Boise School District trustee Joan Boren resigned Friday, saying the seven-member board is “not an independent, governing body and instead serves at the pleasure of district administration.”
The move caught Boise superintendent Don Coberly off-guard — and drew fire from several current and former trustees. One said the timing of Boren’s announcement was politically motivated.
“I am no longer willing to be a part of a board that surrenders its responsibilities to provide oversight and governance on behalf of citizens and taxpayers,” Boren wrote in her resignation letter. (The full text is published below).

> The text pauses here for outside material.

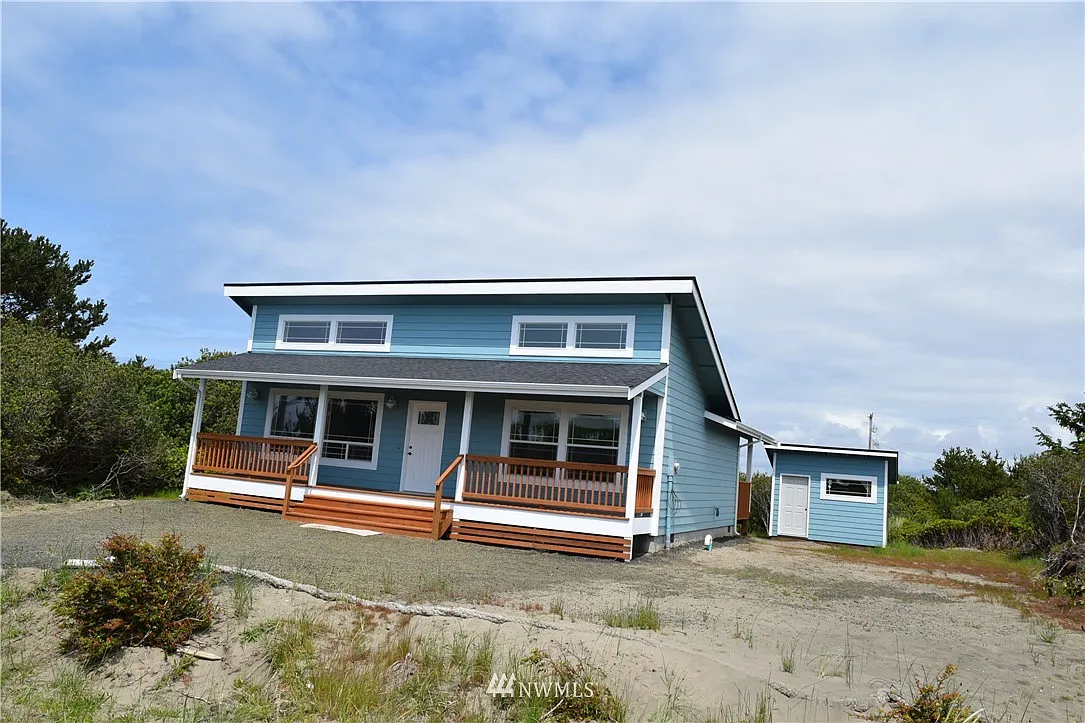 1079 Crestshire Loop photo 1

Boren was elected in 2010 for a six-year term.
“I was surprised,” said Coberly after reading the letter. “That’s her take on it. Joan has a different perspective than others.”
Present and current trustees were more critical.
“She has said these things previously but I was hoping we would be moving forward,” Board President Nancy Gregory said. “Her perspective is certainly different than mine. Our relationship with the superintendency is one of the strengths of our governing structure. I’m sorry to see this happen.”
Said board Vice President Maria Greeley: “We haven’t seen eye-to-eye. I am so impressed by the level of collaboration between our board and the administration.”
Gregory was elected board president this summer, succeeding longtime president A.J. Balukoff, who stepped down to focus on his bid to unseat Gov. Butch Otter.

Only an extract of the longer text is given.